Short web captions
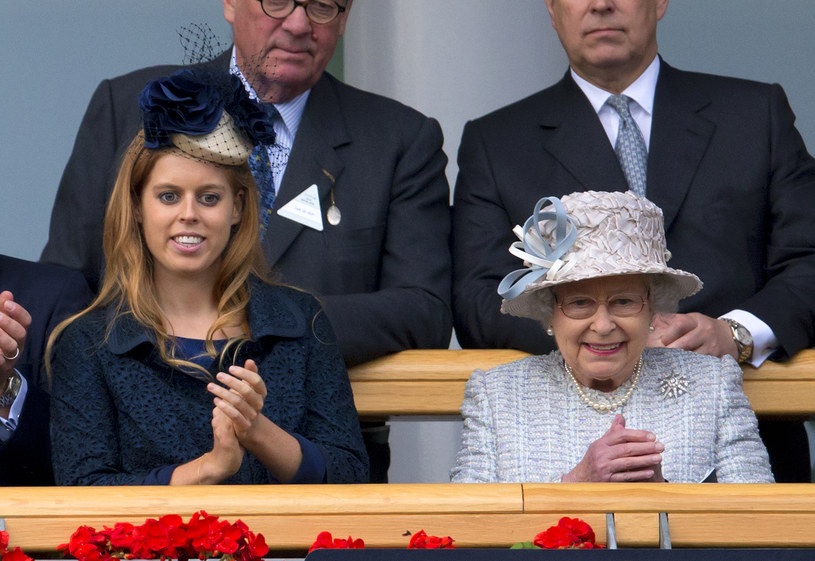 Beatrice i Królowa Elżbieta II / Max Mumby/Indigo / Contributor /Getty Images
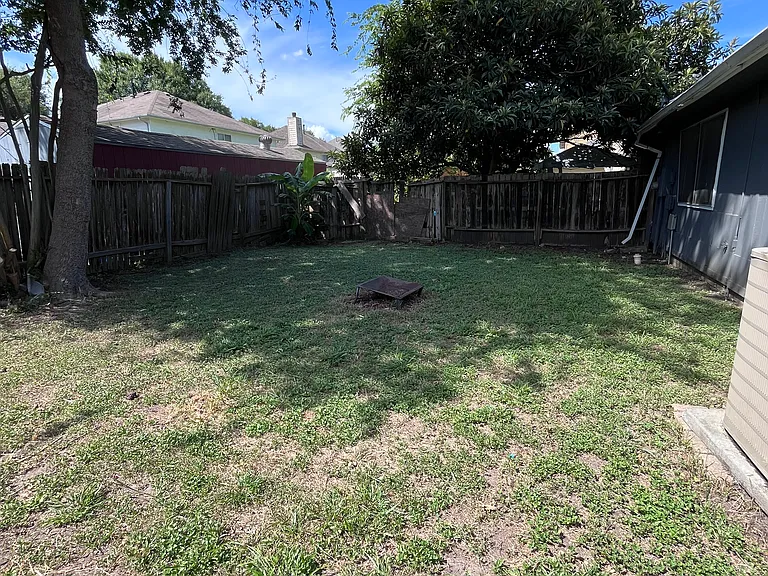 2022 Greencourt Dr — Photo 9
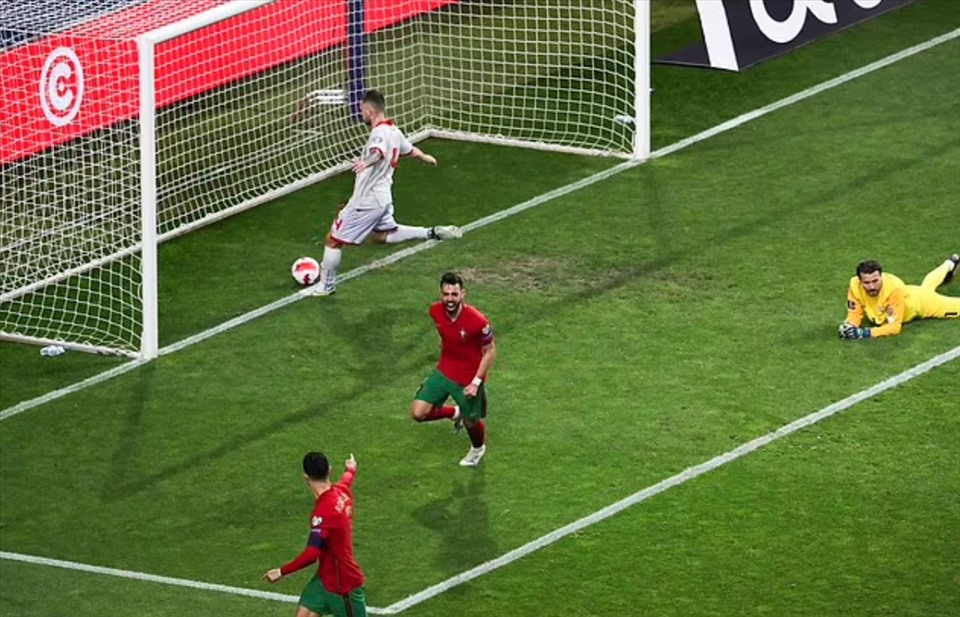 Bồ Đào Nha vượt lên dẫn trước sau hơn 30 phút thi đấu, sau pha phối hợp của Ronaldo và Fernandes. Ảnh: UEFA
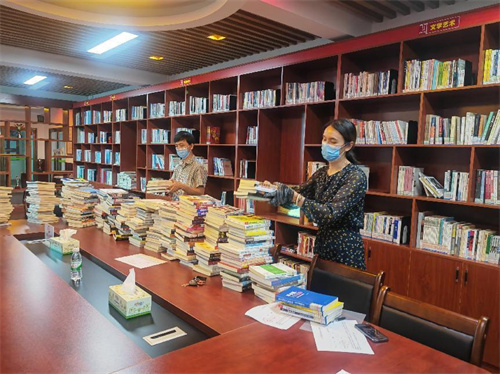 北海市图书馆对馆外图书流通点图书进行统筹调配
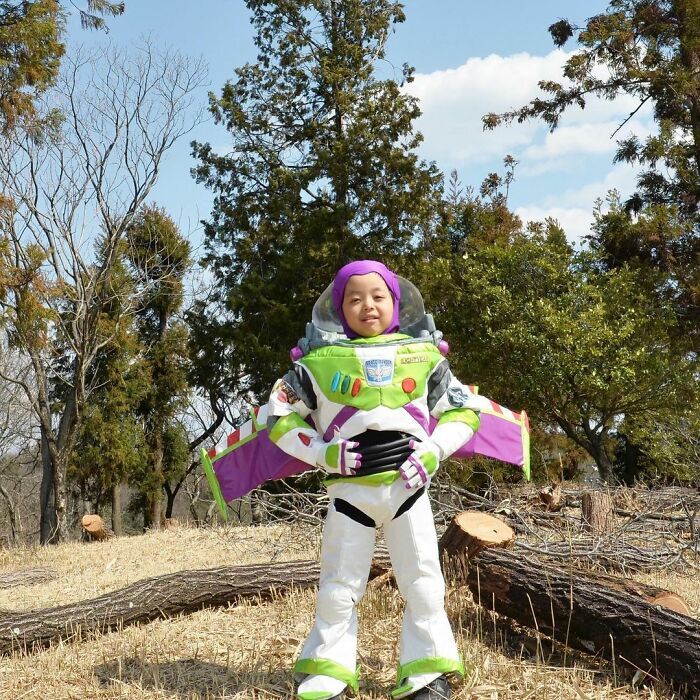 These Kids Get Dressed Up In Hand-Crafted Costumes And They Look Adorable In Them (60 Pics)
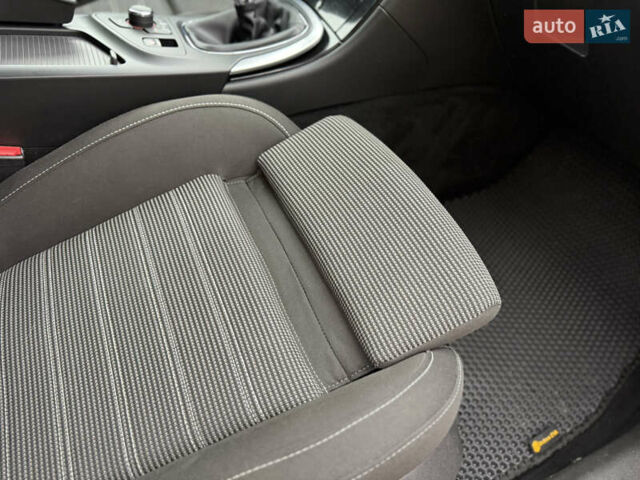 Белый Опель Инсигния, объемом двигателя 1.6 л и пробегом 210 тыс. км за 8000 $, фото 54 на Automoto.ua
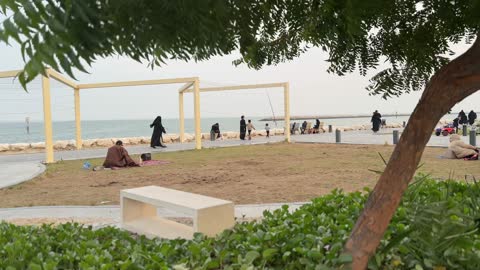 جو عائلي هادئ ، الاهتمام بالتشجير والبيئة، قضاء الاطفال وقت ممتع، وجهة ترفيهية مفتوحة، ممشى همس فى المنطقة الشرقية في 28 ديسمبر، تجربة تنزه عصرية، مساحة للمشي والاسترخاء ،  جلسات ومقاعد خارجية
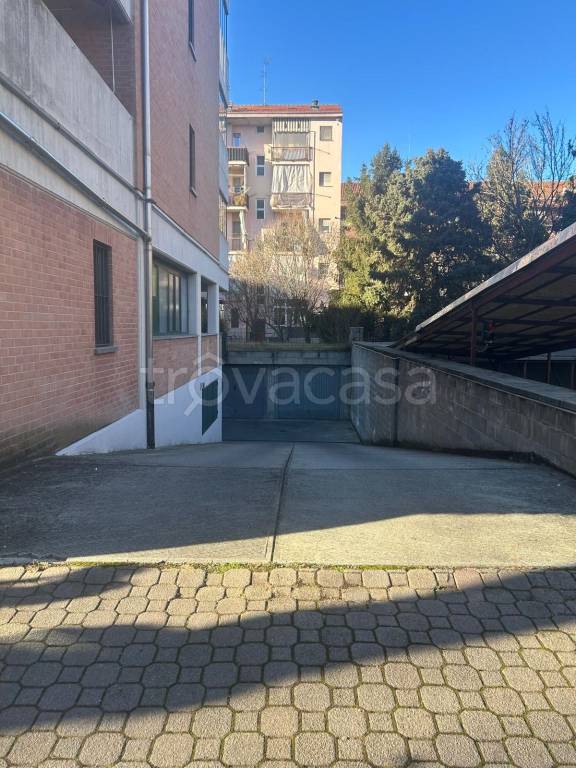 locale commerciale in vendita ad Asti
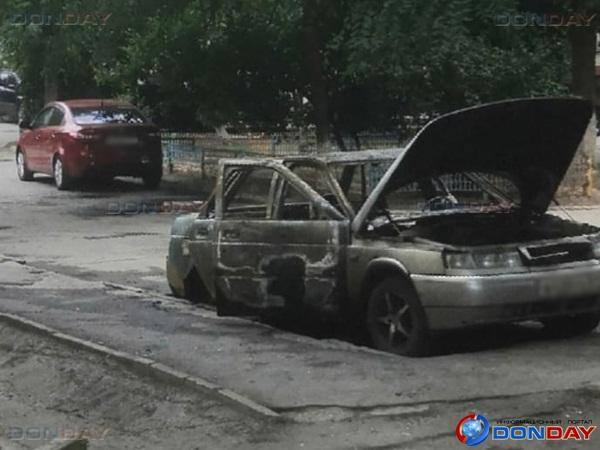 В одном из дворов Волгодонска сгорел отечественный автомобиль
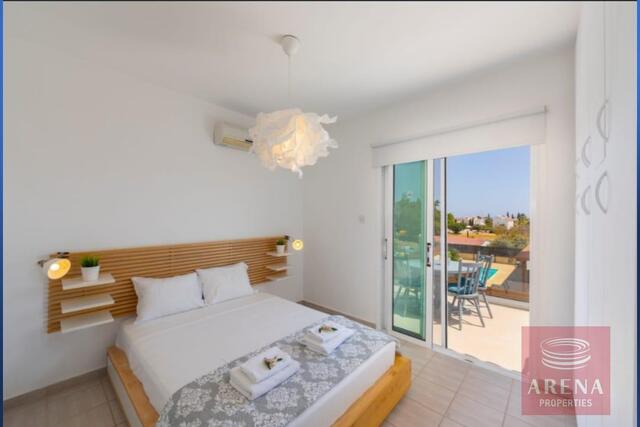 detachedHouse-24-4-BED-VILLA-AYIA-THEKLA-5190.jpg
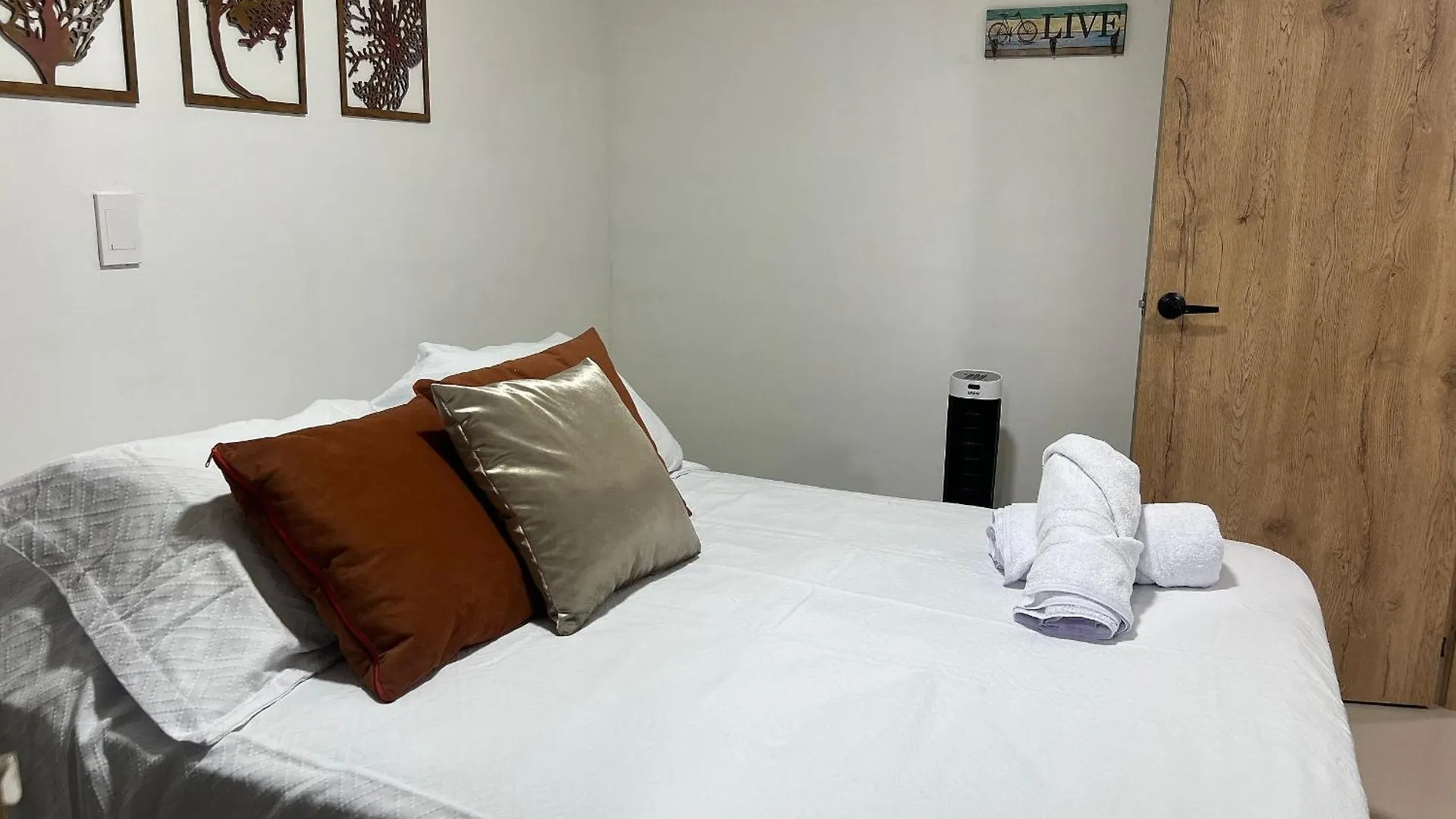 Acogedor Apartamento En Laureles Medellin 0*,  Colombia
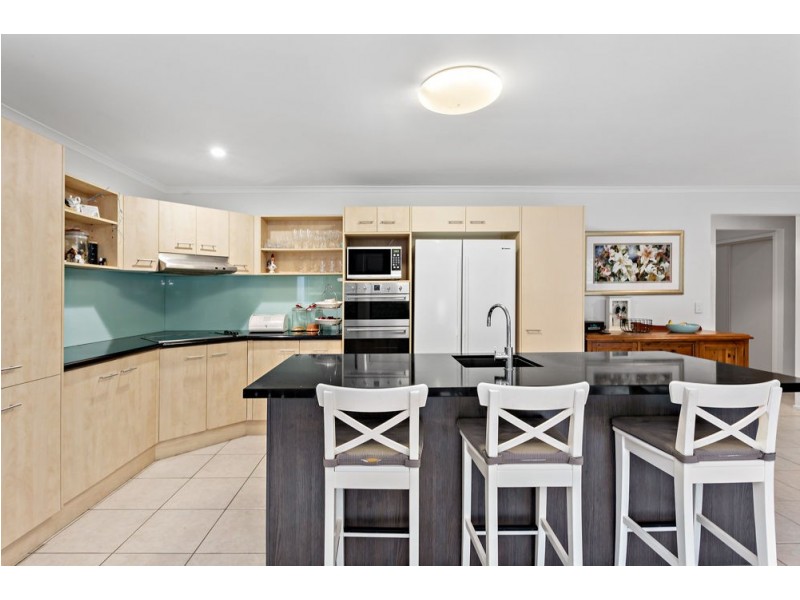 3 Kensington Circuit, Brookfield QLD 4069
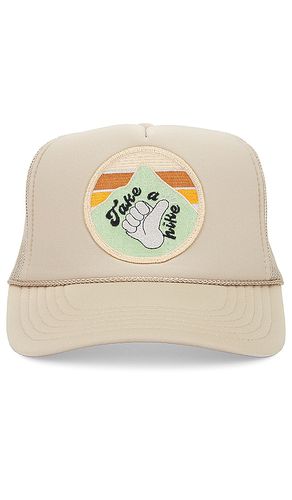 Take A Hike Hat in - Friday Feelin - Modalova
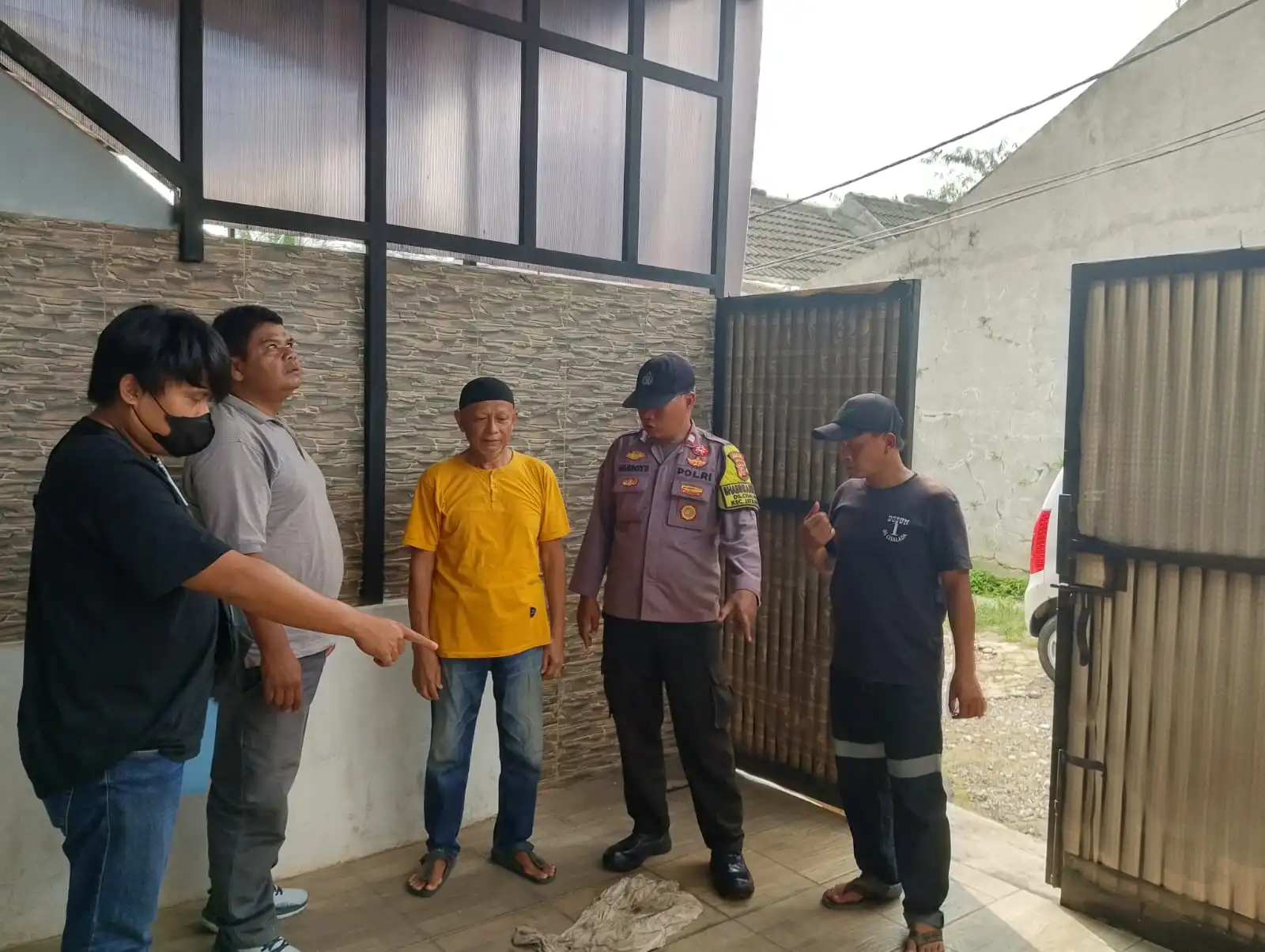 Motor warga dicuri di Jatiluhur, Polres Purwakarta dan Polsek Jatiluhur bertindak cepat lakukan olah TKP dan buru pelaku pencurian.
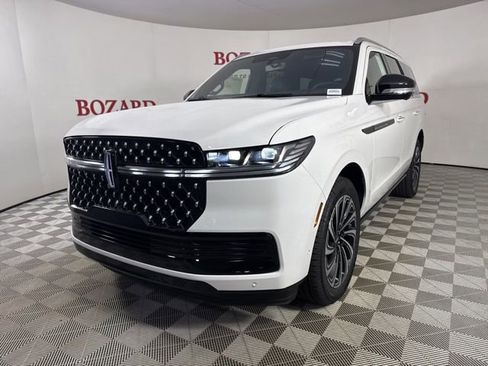 New 2025 Lincoln Navigator Black Label image 3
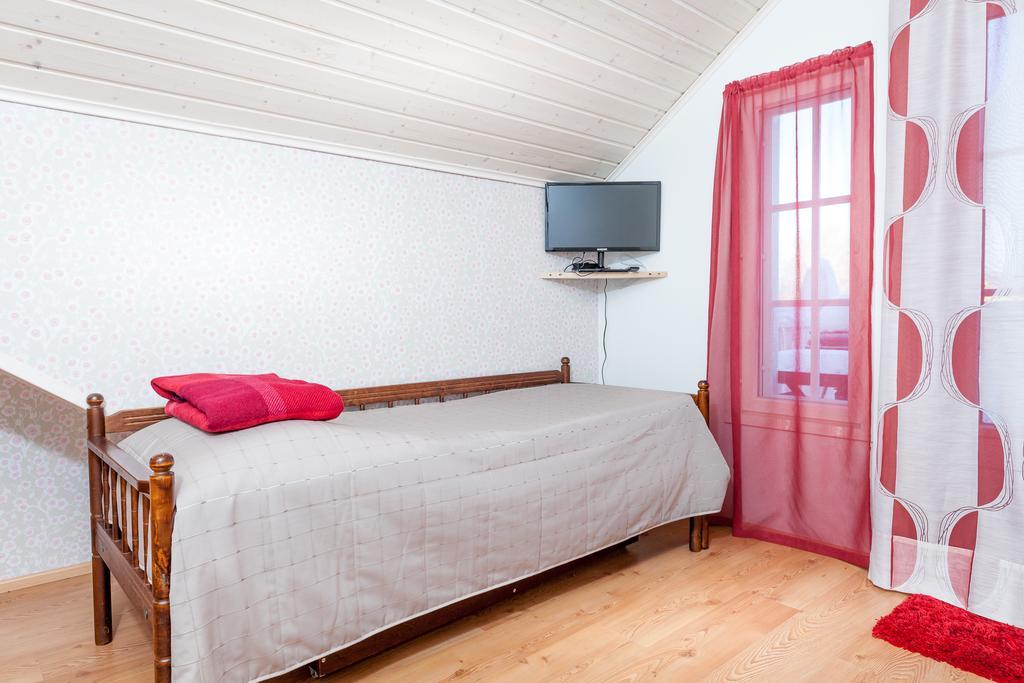 Turusensaha Guesthouse Όουλου Δωμάτιο φωτογραφία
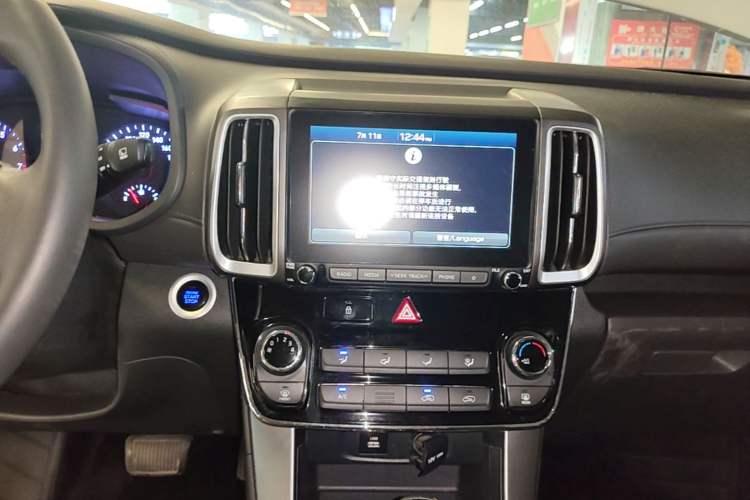 Used Hyundai ix35 2019 2.0L Automatic 2WD Zhiyong·Changxiang Edition China V Standard Audio And AC Panel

> [To do]
Using the records above, print exactly the lines between the ones containing "В одном из дворов" and "Take A Hike", inclusive, and nothing else; no pictures.

> [Result for this exercise]
 В одном из дворов Волгодонска сгорел отечественный автомобиль
 detachedHouse-24-4-BED-VILLA-AYIA-THEKLA-5190.jpg
 Acogedor Apartamento En Laureles Medellin 0*,  Colombia
 3 Kensington Circuit, Brookfield QLD 4069
 Take A Hike Hat in - Friday Feelin - Modalova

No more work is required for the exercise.